Description of the task:
No record may be omitted; give all of them again exactly.

Caption-style text data:
——
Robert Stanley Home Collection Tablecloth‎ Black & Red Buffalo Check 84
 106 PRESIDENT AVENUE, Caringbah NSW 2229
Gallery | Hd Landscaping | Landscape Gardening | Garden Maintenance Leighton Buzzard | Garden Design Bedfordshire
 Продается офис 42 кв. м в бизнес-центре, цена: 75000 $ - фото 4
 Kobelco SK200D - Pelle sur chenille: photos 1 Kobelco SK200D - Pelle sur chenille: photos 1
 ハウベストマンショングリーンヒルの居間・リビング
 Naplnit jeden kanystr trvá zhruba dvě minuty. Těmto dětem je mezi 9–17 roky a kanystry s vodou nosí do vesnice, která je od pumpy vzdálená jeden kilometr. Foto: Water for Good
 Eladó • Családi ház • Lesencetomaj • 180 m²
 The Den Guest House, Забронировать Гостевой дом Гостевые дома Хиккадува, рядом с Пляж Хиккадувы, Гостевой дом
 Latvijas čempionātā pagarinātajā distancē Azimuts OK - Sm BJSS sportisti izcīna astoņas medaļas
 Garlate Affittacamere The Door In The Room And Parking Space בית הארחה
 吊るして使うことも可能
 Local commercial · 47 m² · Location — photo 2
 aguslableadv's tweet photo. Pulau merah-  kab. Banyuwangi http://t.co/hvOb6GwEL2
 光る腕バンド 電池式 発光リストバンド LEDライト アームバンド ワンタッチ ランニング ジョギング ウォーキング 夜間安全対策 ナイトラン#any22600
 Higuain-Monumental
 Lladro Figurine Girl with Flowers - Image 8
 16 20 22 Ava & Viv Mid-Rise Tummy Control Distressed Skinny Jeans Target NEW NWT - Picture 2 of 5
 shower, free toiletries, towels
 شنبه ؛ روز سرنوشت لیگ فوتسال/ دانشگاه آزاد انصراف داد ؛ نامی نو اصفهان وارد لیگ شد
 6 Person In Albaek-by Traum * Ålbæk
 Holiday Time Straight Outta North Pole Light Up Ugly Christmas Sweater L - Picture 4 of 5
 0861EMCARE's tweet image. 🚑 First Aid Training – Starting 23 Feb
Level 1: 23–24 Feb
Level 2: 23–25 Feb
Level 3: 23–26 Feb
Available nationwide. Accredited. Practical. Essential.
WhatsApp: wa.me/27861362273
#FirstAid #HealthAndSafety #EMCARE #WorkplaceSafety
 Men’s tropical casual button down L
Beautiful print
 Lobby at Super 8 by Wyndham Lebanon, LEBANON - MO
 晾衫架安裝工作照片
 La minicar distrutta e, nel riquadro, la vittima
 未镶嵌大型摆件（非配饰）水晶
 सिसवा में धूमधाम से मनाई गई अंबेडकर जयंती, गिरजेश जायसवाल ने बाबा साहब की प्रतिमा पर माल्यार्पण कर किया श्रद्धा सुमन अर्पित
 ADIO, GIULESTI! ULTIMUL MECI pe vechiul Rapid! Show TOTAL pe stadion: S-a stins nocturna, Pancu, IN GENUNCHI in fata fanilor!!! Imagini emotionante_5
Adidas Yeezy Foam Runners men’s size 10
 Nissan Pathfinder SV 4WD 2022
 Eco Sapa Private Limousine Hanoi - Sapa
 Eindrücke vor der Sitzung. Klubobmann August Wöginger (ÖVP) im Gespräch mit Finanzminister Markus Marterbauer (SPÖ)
——
Solution below:
Robert Stanley Home Collection Tablecloth‎ Black & Red Buffalo Check 84
 106 PRESIDENT AVENUE, Caringbah NSW 2229
Gallery | Hd Landscaping | Landscape Gardening | Garden Maintenance Leighton Buzzard | Garden Design Bedfordshire
 Продается офис 42 кв. м в бизнес-центре, цена: 75000 $ - фото 4
 Kobelco SK200D - Pelle sur chenille: photos 1 Kobelco SK200D - Pelle sur chenille: photos 1
 ハウベストマンショングリーンヒルの居間・リビング
 Naplnit jeden kanystr trvá zhruba dvě minuty. Těmto dětem je mezi 9–17 roky a kanystry s vodou nosí do vesnice, která je od pumpy vzdálená jeden kilometr. Foto: Water for Good
 Eladó • Családi ház • Lesencetomaj • 180 m²
 The Den Guest House, Забронировать Гостевой дом Гостевые дома Хиккадува, рядом с Пляж Хиккадувы, Гостевой дом
 Latvijas čempionātā pagarinātajā distancē Azimuts OK - Sm BJSS sportisti izcīna astoņas medaļas
 Garlate Affittacamere The Door In The Room And Parking Space בית הארחה
 吊るして使うことも可能
 Local commercial · 47 m² · Location — photo 2
 aguslableadv's tweet photo. Pulau merah-  kab. Banyuwangi http://t.co/hvOb6GwEL2
 光る腕バンド 電池式 発光リストバンド LEDライト アームバンド ワンタッチ ランニング ジョギング ウォーキング 夜間安全対策 ナイトラン#any22600
 Higuain-Monumental
 Lladro Figurine Girl with Flowers - Image 8
 16 20 22 Ava & Viv Mid-Rise Tummy Control Distressed Skinny Jeans Target NEW NWT - Picture 2 of 5
 shower, free toiletries, towels
 شنبه ؛ روز سرنوشت لیگ فوتسال/ دانشگاه آزاد انصراف داد ؛ نامی نو اصفهان وارد لیگ شد
 6 Person In Albaek-by Traum * Ålbæk
 Holiday Time Straight Outta North Pole Light Up Ugly Christmas Sweater L - Picture 4 of 5
 0861EMCARE's tweet image. 🚑 First Aid Training – Starting 23 Feb
Level 1: 23–24 Feb
Level 2: 23–25 Feb
Level 3: 23–26 Feb
Available nationwide. Accredited. Practical. Essential.
WhatsApp: wa.me/27861362273
#FirstAid #HealthAndSafety #EMCARE #WorkplaceSafety
 Men’s tropical casual button down L
Beautiful print
 Lobby at Super 8 by Wyndham Lebanon, LEBANON - MO
 晾衫架安裝工作照片
 La minicar distrutta e, nel riquadro, la vittima
 未镶嵌大型摆件（非配饰）水晶
 सिसवा में धूमधाम से मनाई गई अंबेडकर जयंती, गिरजेश जायसवाल ने बाबा साहब की प्रतिमा पर माल्यार्पण कर किया श्रद्धा सुमन अर्पित
 ADIO, GIULESTI! ULTIMUL MECI pe vechiul Rapid! Show TOTAL pe stadion: S-a stins nocturna, Pancu, IN GENUNCHI in fata fanilor!!! Imagini emotionante_5
Adidas Yeezy Foam Runners men’s size 10
 Nissan Pathfinder SV 4WD 2022
 Eco Sapa Private Limousine Hanoi - Sapa
 Eindrücke vor der Sitzung. Klubobmann August Wöginger (ÖVP) im Gespräch mit Finanzminister Markus Marterbauer (SPÖ)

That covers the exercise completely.